## WORK REQUIRED
For the material below, reproduce exactly each line from the one that has "Mattress Express Providence" through the one that has "Dynaudio Contour 30i (Nordic Silver)", and no others; pictures stay out.

## RECORDS PROVIDED
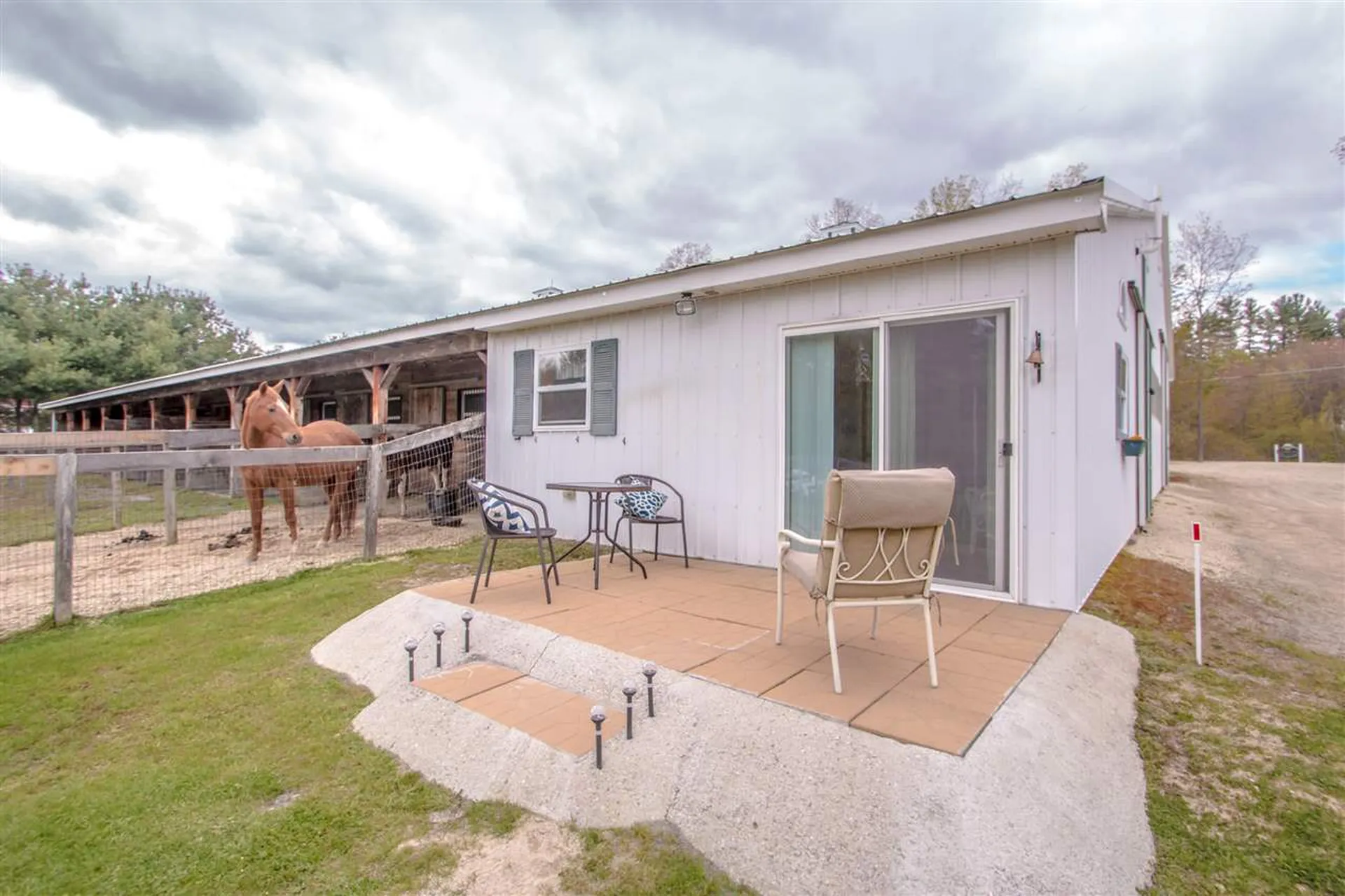 64 Scribner Road Fremont NH 03044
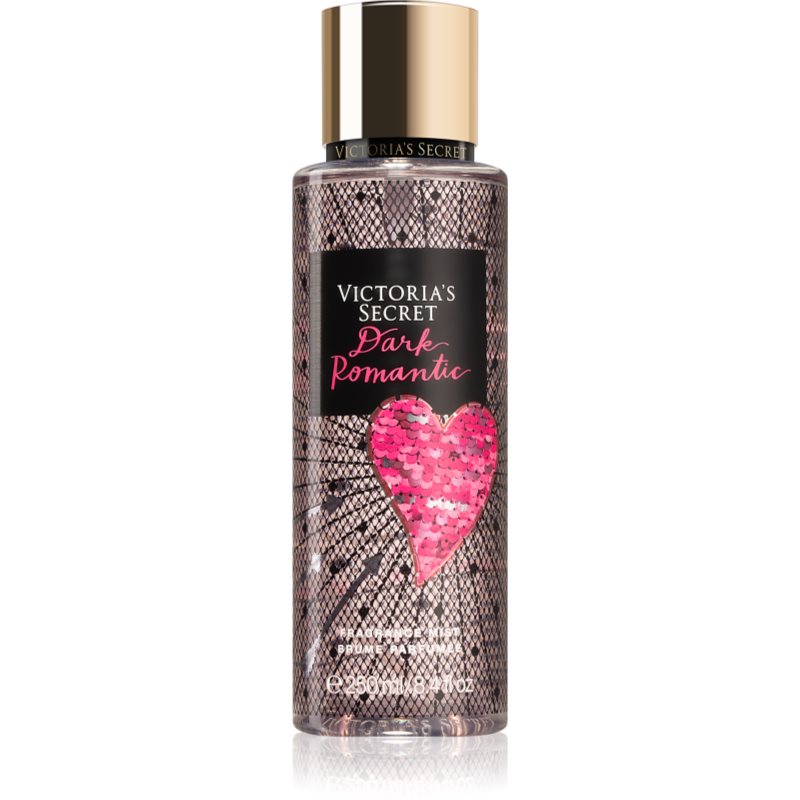 

Victoria's Secret Dark Romantics парфумований спрей для тіла для жінок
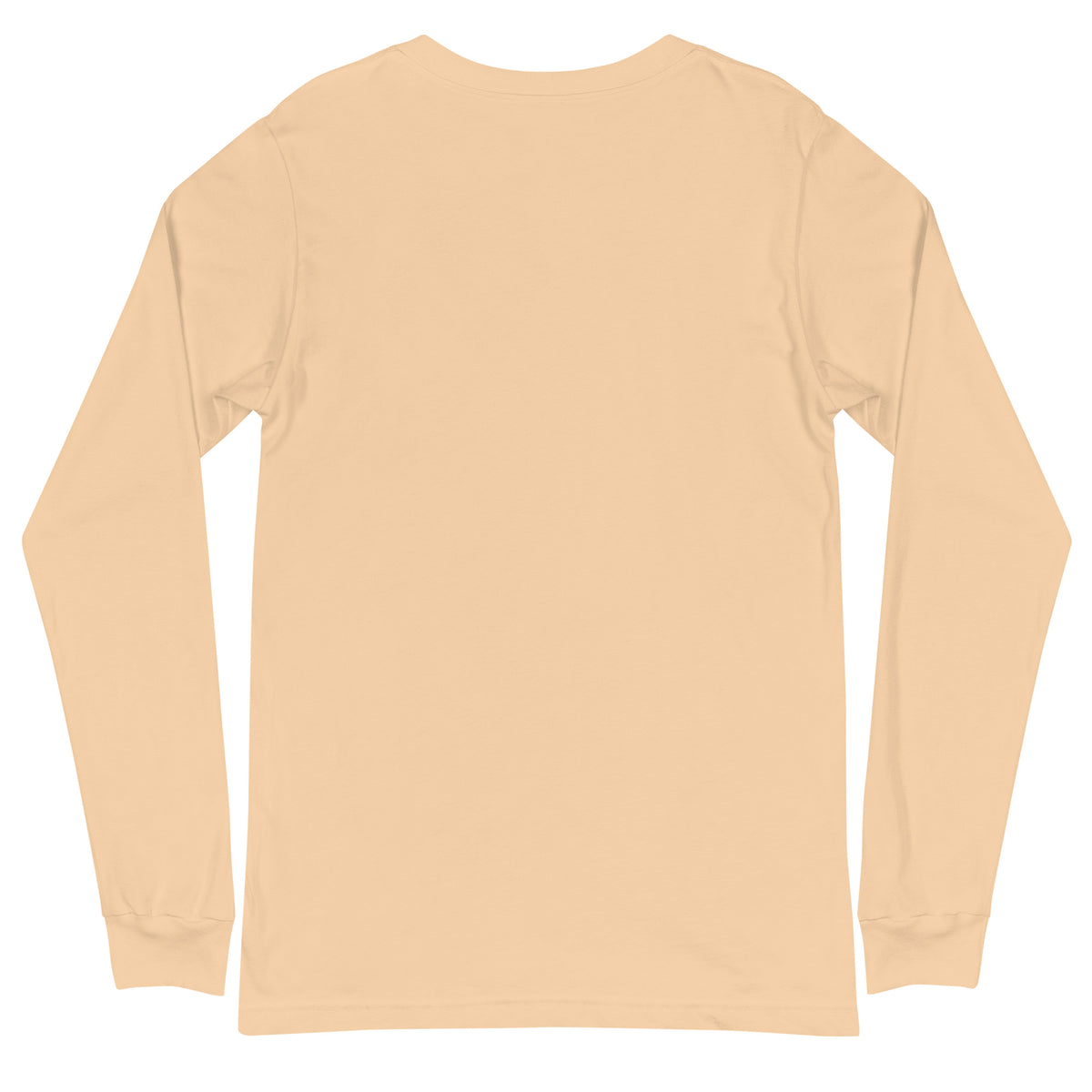 long sleeve shirt, casual long sleeve tee, versatile wardrobe staple, comfortable everyday shirt, casual outfit ideas, stylish long sleeve top, unisex long sleeve shirt, breathable cotton tee, long sleeve shirt for all seasons, classic long sleeve design, wardrobe essential, soft and durable long sleeve shirt, Artie Bars merch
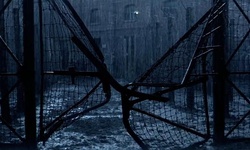 Movie image from Concentration Camp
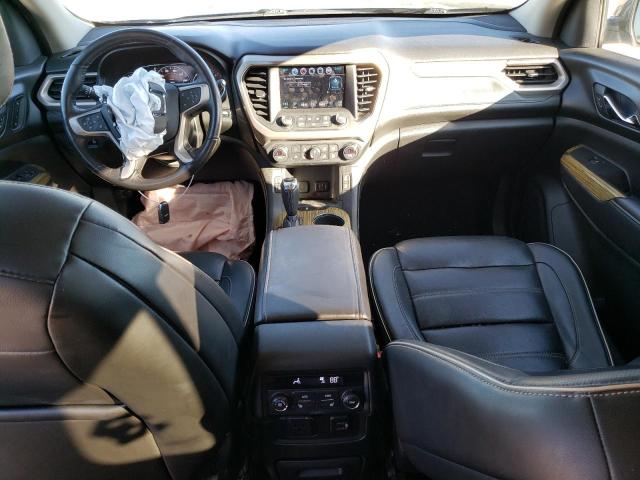 Photo 8 from auction – 2017 GMC ACADIA DEN with VIN 1GKKNXLS1HZ315689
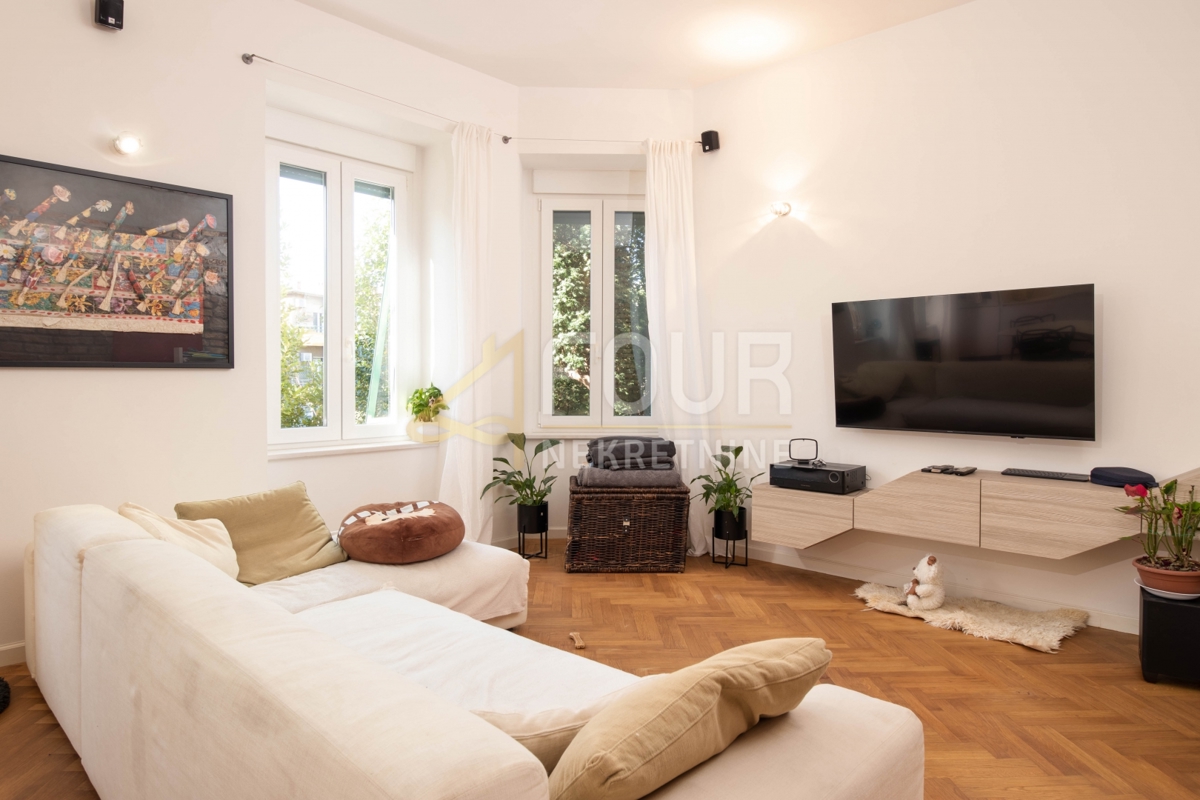 Bulevard, Rijeka, 76,50m2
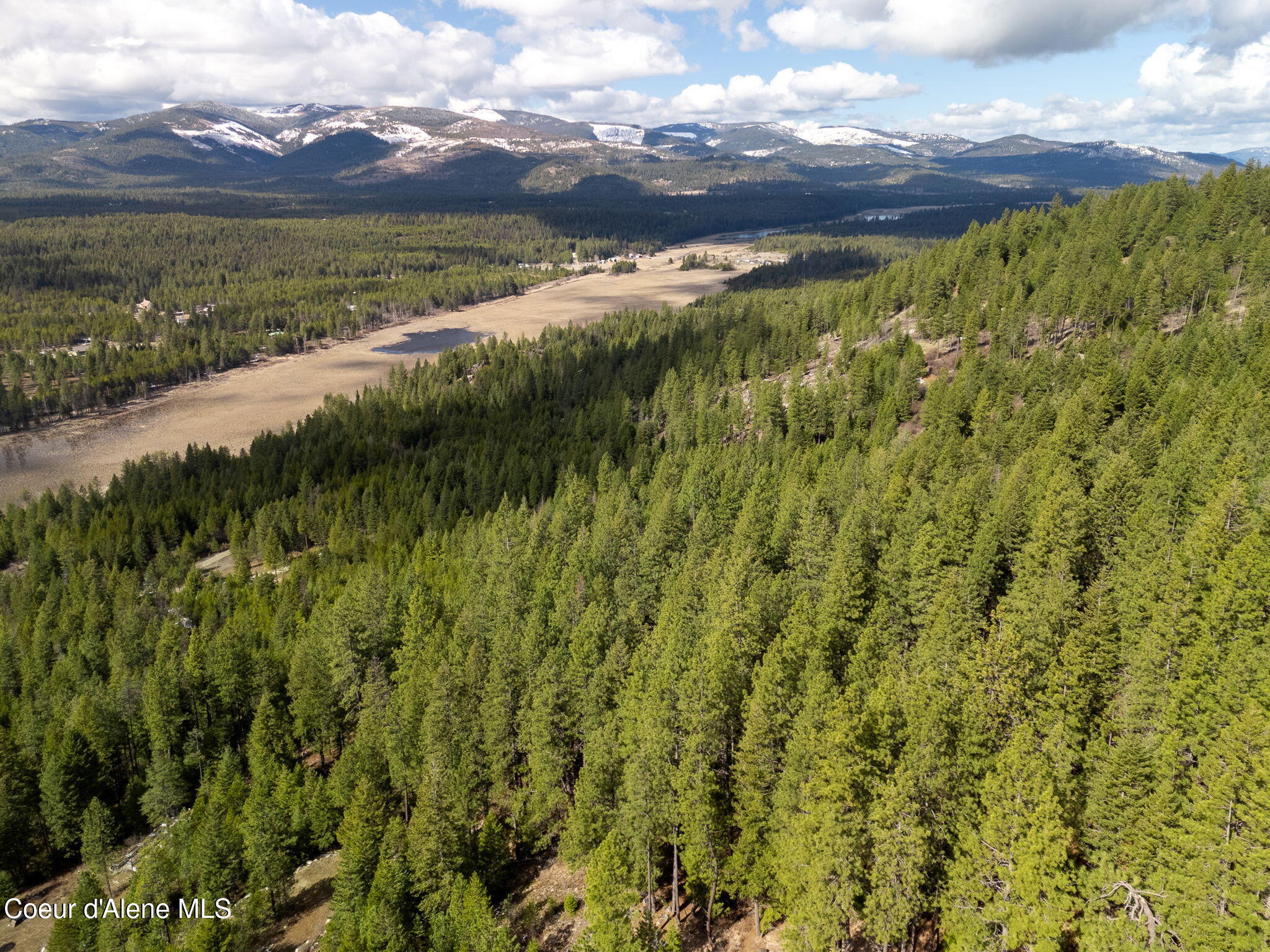 NNA E Quiet Heights, Athol, Idaho image 13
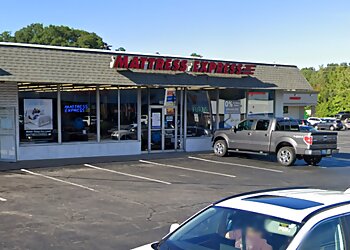 Mattress Express Providence Providence Mattress Stores image 1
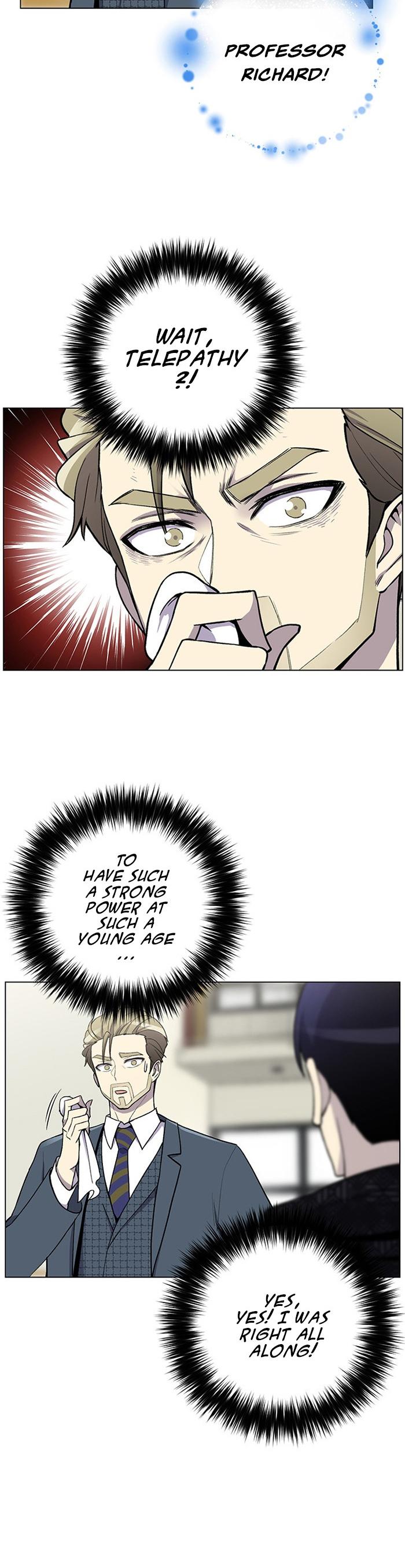 Reverse Villain Chapter 9 page 18 - Chapter 9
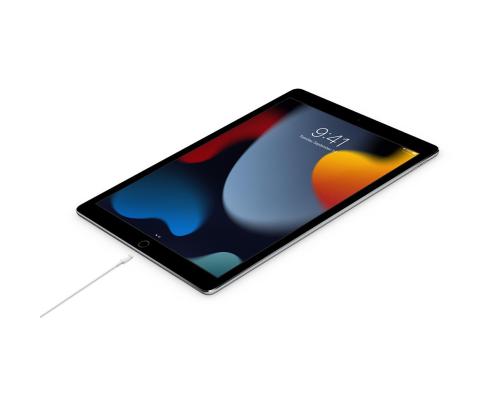 Apple USB-C - Lightning, 1 m, valge - Kaabel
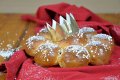 Dreikönigskuchen
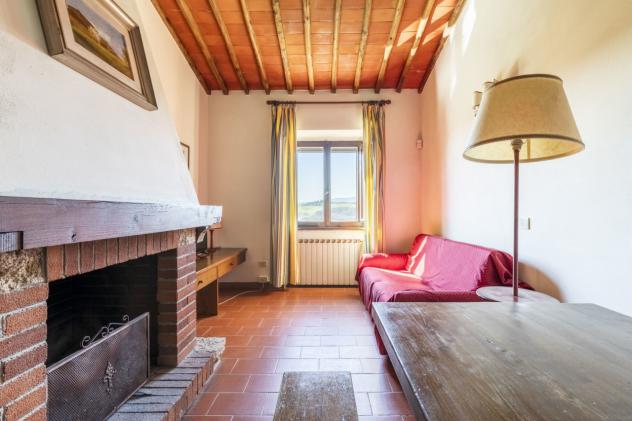Casale in vendita a Poggibonsi - Foto 14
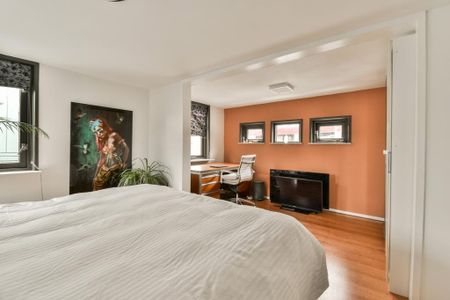 Huis te huur: Jachthavenweg 2-A 1076 CZ Amsterdam - Photo 4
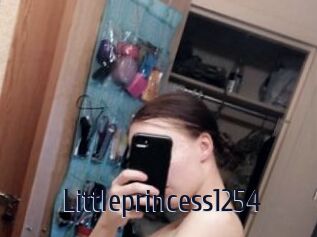 Littleprincess1254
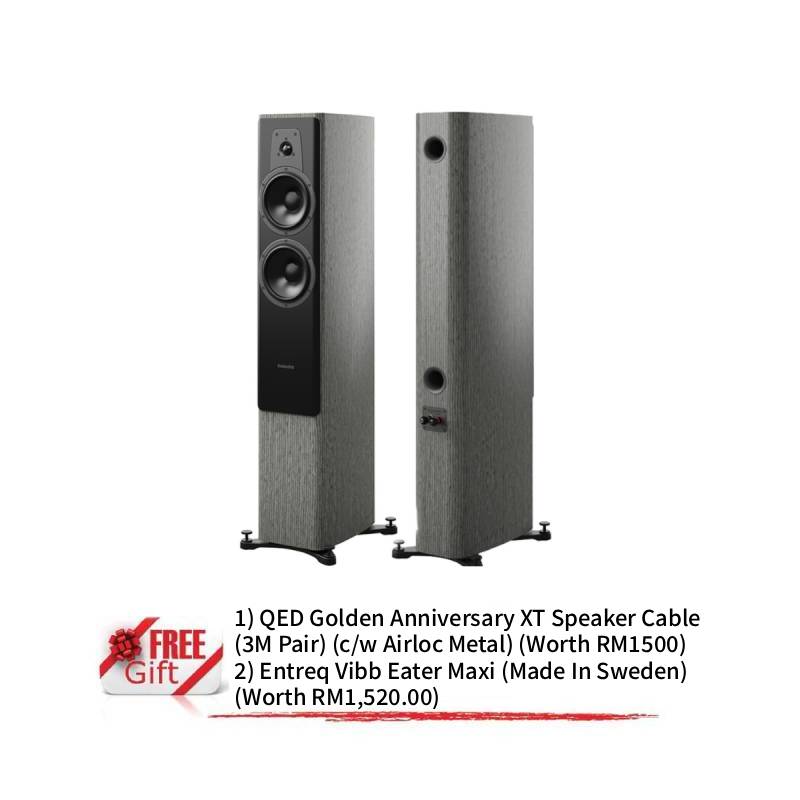 Dynaudio Contour 30i (Nordic Silver)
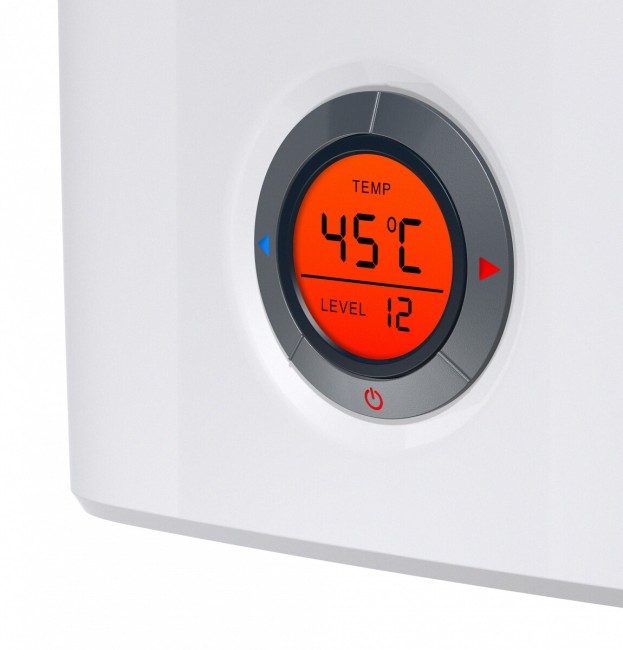 Водонагреватель проточный Thermex Topflow Pro 21000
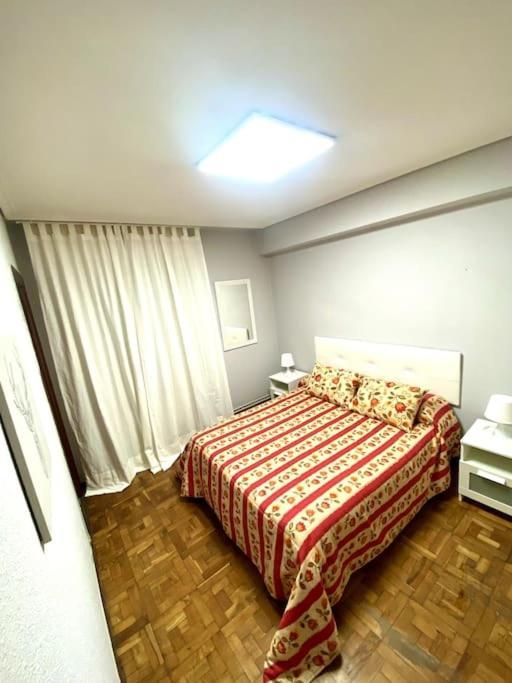Apartamento Completo Piso En Santander A 5 Minutos Del Centro Exterior foto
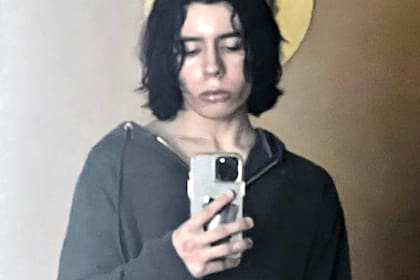 Salvador Ramos, el presunto tirador de Texas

## SOLUTION
 Mattress Express Providence Providence Mattress Stores image 1
 Reverse Villain Chapter 9 page 18 - Chapter 9
 Apple USB-C - Lightning, 1 m, valge - Kaabel
 Dreikönigskuchen
Casale in vendita a Poggibonsi - Foto 14
 Huis te huur: Jachthavenweg 2-A 1076 CZ Amsterdam - Photo 4
 Littleprincess1254
 Dynaudio Contour 30i (Nordic Silver)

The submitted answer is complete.